Reproduce the entries. Each one must match the original exactly.

BEGIN Material provided

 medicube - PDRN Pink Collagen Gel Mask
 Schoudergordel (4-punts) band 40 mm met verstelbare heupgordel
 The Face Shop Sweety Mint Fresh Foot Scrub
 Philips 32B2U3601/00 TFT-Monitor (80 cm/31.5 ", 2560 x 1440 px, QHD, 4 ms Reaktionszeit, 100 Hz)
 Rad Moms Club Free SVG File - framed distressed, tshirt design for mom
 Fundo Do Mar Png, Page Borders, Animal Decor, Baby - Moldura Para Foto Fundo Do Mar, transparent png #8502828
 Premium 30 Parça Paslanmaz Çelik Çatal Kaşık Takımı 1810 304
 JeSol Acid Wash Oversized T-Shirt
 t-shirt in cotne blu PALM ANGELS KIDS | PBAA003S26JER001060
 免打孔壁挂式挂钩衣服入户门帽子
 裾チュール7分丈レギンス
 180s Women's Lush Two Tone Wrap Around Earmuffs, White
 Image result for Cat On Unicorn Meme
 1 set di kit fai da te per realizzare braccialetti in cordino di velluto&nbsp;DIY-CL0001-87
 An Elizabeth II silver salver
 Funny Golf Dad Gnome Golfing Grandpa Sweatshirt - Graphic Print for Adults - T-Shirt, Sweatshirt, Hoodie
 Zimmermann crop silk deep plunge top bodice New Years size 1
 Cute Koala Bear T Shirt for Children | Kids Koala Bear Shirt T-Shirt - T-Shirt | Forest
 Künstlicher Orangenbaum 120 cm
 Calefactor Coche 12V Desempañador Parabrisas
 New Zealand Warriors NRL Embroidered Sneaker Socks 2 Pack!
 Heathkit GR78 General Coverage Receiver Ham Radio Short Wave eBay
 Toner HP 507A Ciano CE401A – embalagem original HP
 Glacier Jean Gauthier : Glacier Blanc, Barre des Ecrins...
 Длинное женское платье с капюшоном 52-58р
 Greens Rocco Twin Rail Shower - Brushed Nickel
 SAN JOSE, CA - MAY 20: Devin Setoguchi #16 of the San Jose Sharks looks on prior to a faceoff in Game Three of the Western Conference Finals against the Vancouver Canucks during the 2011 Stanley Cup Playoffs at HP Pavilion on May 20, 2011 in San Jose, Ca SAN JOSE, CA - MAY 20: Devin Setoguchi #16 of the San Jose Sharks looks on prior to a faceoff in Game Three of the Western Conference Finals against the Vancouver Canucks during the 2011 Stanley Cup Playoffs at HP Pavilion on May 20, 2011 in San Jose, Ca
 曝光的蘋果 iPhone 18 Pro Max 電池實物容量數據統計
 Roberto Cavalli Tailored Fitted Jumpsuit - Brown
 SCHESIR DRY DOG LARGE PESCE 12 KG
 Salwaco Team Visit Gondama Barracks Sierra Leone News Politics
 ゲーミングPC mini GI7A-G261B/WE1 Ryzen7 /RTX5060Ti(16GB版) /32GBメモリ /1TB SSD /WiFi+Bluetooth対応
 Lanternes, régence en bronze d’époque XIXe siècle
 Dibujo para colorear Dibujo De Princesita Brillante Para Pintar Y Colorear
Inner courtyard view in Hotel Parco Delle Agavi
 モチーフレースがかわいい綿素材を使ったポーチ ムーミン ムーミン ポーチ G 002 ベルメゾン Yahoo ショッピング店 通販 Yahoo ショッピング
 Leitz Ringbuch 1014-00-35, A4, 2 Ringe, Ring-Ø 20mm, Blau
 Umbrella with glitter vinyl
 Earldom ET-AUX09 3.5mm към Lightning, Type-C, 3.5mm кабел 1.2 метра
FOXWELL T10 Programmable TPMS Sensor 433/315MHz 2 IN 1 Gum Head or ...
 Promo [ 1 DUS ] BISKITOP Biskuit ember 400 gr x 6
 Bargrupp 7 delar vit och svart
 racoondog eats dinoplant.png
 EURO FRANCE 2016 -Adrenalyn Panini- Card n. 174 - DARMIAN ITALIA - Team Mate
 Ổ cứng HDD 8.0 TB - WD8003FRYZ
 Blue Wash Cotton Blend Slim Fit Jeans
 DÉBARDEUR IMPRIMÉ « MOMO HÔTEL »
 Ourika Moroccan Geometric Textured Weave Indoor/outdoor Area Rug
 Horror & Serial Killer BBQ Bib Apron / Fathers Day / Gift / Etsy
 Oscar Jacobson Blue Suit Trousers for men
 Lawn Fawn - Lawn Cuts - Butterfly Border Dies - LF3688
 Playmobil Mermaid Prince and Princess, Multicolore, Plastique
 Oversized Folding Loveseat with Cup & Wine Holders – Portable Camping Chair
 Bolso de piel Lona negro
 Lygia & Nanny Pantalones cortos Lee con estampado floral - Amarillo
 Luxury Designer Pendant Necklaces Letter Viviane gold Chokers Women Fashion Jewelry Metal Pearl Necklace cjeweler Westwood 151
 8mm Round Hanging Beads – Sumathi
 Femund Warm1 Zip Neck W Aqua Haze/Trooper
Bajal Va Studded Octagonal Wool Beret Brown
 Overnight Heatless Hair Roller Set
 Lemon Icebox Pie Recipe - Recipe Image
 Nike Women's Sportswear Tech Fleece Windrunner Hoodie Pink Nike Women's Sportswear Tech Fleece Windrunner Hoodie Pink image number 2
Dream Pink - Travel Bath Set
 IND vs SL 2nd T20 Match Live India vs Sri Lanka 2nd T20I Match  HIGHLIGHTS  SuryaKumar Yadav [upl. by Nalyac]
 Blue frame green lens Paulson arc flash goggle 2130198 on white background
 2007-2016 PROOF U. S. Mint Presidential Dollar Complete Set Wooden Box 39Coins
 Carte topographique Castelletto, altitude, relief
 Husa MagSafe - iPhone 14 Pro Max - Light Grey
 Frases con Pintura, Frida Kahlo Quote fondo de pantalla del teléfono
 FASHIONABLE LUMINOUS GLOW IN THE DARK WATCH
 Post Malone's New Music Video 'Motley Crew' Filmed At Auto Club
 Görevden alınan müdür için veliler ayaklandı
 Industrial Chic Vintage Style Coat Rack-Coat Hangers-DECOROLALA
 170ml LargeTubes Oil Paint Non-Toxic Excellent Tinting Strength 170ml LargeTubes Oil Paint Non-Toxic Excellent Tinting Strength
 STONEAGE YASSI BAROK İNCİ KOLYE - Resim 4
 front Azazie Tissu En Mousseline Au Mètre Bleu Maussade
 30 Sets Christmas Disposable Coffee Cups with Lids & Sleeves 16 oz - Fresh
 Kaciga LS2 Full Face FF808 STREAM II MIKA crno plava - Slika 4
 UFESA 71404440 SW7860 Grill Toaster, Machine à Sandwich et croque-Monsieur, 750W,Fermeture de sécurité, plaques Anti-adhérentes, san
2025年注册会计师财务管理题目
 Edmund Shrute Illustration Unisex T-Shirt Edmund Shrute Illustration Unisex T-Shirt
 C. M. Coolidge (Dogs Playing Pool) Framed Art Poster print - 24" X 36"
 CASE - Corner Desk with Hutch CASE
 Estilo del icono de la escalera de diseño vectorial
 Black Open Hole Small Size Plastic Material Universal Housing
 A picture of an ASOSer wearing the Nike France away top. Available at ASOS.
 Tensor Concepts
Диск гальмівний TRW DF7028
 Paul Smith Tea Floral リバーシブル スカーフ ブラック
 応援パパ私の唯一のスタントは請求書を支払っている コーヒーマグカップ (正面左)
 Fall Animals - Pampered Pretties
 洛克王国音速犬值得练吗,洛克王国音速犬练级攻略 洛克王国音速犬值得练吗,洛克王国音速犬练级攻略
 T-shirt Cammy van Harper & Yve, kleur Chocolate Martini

END Material provided

▶ **Problem solution**:
 medicube - PDRN Pink Collagen Gel Mask
 Schoudergordel (4-punts) band 40 mm met verstelbare heupgordel
 The Face Shop Sweety Mint Fresh Foot Scrub
 Philips 32B2U3601/00 TFT-Monitor (80 cm/31.5 ", 2560 x 1440 px, QHD, 4 ms Reaktionszeit, 100 Hz)
 Rad Moms Club Free SVG File - framed distressed, tshirt design for mom
 Fundo Do Mar Png, Page Borders, Animal Decor, Baby - Moldura Para Foto Fundo Do Mar, transparent png #8502828
 Premium 30 Parça Paslanmaz Çelik Çatal Kaşık Takımı 1810 304
 JeSol Acid Wash Oversized T-Shirt
 t-shirt in cotne blu PALM ANGELS KIDS | PBAA003S26JER001060
 免打孔壁挂式挂钩衣服入户门帽子
 裾チュール7分丈レギンス
 180s Women's Lush Two Tone Wrap Around Earmuffs, White
 Image result for Cat On Unicorn Meme
 1 set di kit fai da te per realizzare braccialetti in cordino di velluto&nbsp;DIY-CL0001-87
 An Elizabeth II silver salver
 Funny Golf Dad Gnome Golfing Grandpa Sweatshirt - Graphic Print for Adults - T-Shirt, Sweatshirt, Hoodie
 Zimmermann crop silk deep plunge top bodice New Years size 1
 Cute Koala Bear T Shirt for Children | Kids Koala Bear Shirt T-Shirt - T-Shirt | Forest
 Künstlicher Orangenbaum 120 cm
 Calefactor Coche 12V Desempañador Parabrisas
 New Zealand Warriors NRL Embroidered Sneaker Socks 2 Pack!
 Heathkit GR78 General Coverage Receiver Ham Radio Short Wave eBay
 Toner HP 507A Ciano CE401A – embalagem original HP
 Glacier Jean Gauthier : Glacier Blanc, Barre des Ecrins...
 Длинное женское платье с капюшоном 52-58р
 Greens Rocco Twin Rail Shower - Brushed Nickel
 SAN JOSE, CA - MAY 20: Devin Setoguchi #16 of the San Jose Sharks looks on prior to a faceoff in Game Three of the Western Conference Finals against the Vancouver Canucks during the 2011 Stanley Cup Playoffs at HP Pavilion on May 20, 2011 in San Jose, Ca SAN JOSE, CA - MAY 20: Devin Setoguchi #16 of the San Jose Sharks looks on prior to a faceoff in Game Three of the Western Conference Finals against the Vancouver Canucks during the 2011 Stanley Cup Playoffs at HP Pavilion on May 20, 2011 in San Jose, Ca
 曝光的蘋果 iPhone 18 Pro Max 電池實物容量數據統計
 Roberto Cavalli Tailored Fitted Jumpsuit - Brown
 SCHESIR DRY DOG LARGE PESCE 12 KG
 Salwaco Team Visit Gondama Barracks Sierra Leone News Politics
 ゲーミングPC mini GI7A-G261B/WE1 Ryzen7 /RTX5060Ti(16GB版) /32GBメモリ /1TB SSD /WiFi+Bluetooth対応
 Lanternes, régence en bronze d’époque XIXe siècle
 Dibujo para colorear Dibujo De Princesita Brillante Para Pintar Y Colorear
Inner courtyard view in Hotel Parco Delle Agavi
 モチーフレースがかわいい綿素材を使ったポーチ ムーミン ムーミン ポーチ G 002 ベルメゾン Yahoo ショッピング店 通販 Yahoo ショッピング
 Leitz Ringbuch 1014-00-35, A4, 2 Ringe, Ring-Ø 20mm, Blau
 Umbrella with glitter vinyl
 Earldom ET-AUX09 3.5mm към Lightning, Type-C, 3.5mm кабел 1.2 метра
FOXWELL T10 Programmable TPMS Sensor 433/315MHz 2 IN 1 Gum Head or ...
 Promo [ 1 DUS ] BISKITOP Biskuit ember 400 gr x 6
 Bargrupp 7 delar vit och svart
 racoondog eats dinoplant.png
 EURO FRANCE 2016 -Adrenalyn Panini- Card n. 174 - DARMIAN ITALIA - Team Mate
 Ổ cứng HDD 8.0 TB - WD8003FRYZ
 Blue Wash Cotton Blend Slim Fit Jeans
 DÉBARDEUR IMPRIMÉ « MOMO HÔTEL »
 Ourika Moroccan Geometric Textured Weave Indoor/outdoor Area Rug
 Horror & Serial Killer BBQ Bib Apron / Fathers Day / Gift / Etsy
 Oscar Jacobson Blue Suit Trousers for men
 Lawn Fawn - Lawn Cuts - Butterfly Border Dies - LF3688
 Playmobil Mermaid Prince and Princess, Multicolore, Plastique
 Oversized Folding Loveseat with Cup & Wine Holders – Portable Camping Chair
 Bolso de piel Lona negro
 Lygia & Nanny Pantalones cortos Lee con estampado floral - Amarillo
 Luxury Designer Pendant Necklaces Letter Viviane gold Chokers Women Fashion Jewelry Metal Pearl Necklace cjeweler Westwood 151
 8mm Round Hanging Beads – Sumathi
 Femund Warm1 Zip Neck W Aqua Haze/Trooper
Bajal Va Studded Octagonal Wool Beret Brown
 Overnight Heatless Hair Roller Set
 Lemon Icebox Pie Recipe - Recipe Image
 Nike Women's Sportswear Tech Fleece Windrunner Hoodie Pink Nike Women's Sportswear Tech Fleece Windrunner Hoodie Pink image number 2
Dream Pink - Travel Bath Set
 IND vs SL 2nd T20 Match Live India vs Sri Lanka 2nd T20I Match  HIGHLIGHTS  SuryaKumar Yadav [upl. by Nalyac]
 Blue frame green lens Paulson arc flash goggle 2130198 on white background
 2007-2016 PROOF U. S. Mint Presidential Dollar Complete Set Wooden Box 39Coins
 Carte topographique Castelletto, altitude, relief
 Husa MagSafe - iPhone 14 Pro Max - Light Grey
 Frases con Pintura, Frida Kahlo Quote fondo de pantalla del teléfono
 FASHIONABLE LUMINOUS GLOW IN THE DARK WATCH
 Post Malone's New Music Video 'Motley Crew' Filmed At Auto Club
 Görevden alınan müdür için veliler ayaklandı
 Industrial Chic Vintage Style Coat Rack-Coat Hangers-DECOROLALA
 170ml LargeTubes Oil Paint Non-Toxic Excellent Tinting Strength 170ml LargeTubes Oil Paint Non-Toxic Excellent Tinting Strength
 STONEAGE YASSI BAROK İNCİ KOLYE - Resim 4
 front Azazie Tissu En Mousseline Au Mètre Bleu Maussade
 30 Sets Christmas Disposable Coffee Cups with Lids & Sleeves 16 oz - Fresh
 Kaciga LS2 Full Face FF808 STREAM II MIKA crno plava - Slika 4
 UFESA 71404440 SW7860 Grill Toaster, Machine à Sandwich et croque-Monsieur, 750W,Fermeture de sécurité, plaques Anti-adhérentes, san
2025年注册会计师财务管理题目
 Edmund Shrute Illustration Unisex T-Shirt Edmund Shrute Illustration Unisex T-Shirt
 C. M. Coolidge (Dogs Playing Pool) Framed Art Poster print - 24" X 36"
 CASE - Corner Desk with Hutch CASE
 Estilo del icono de la escalera de diseño vectorial
 Black Open Hole Small Size Plastic Material Universal Housing
 A picture of an ASOSer wearing the Nike France away top. Available at ASOS.
 Tensor Concepts
Диск гальмівний TRW DF7028
 Paul Smith Tea Floral リバーシブル スカーフ ブラック
 応援パパ私の唯一のスタントは請求書を支払っている コーヒーマグカップ (正面左)
 Fall Animals - Pampered Pretties
 洛克王国音速犬值得练吗,洛克王国音速犬练级攻略 洛克王国音速犬值得练吗,洛克王国音速犬练级攻略
 T-shirt Cammy van Harper & Yve, kleur Chocolate Martini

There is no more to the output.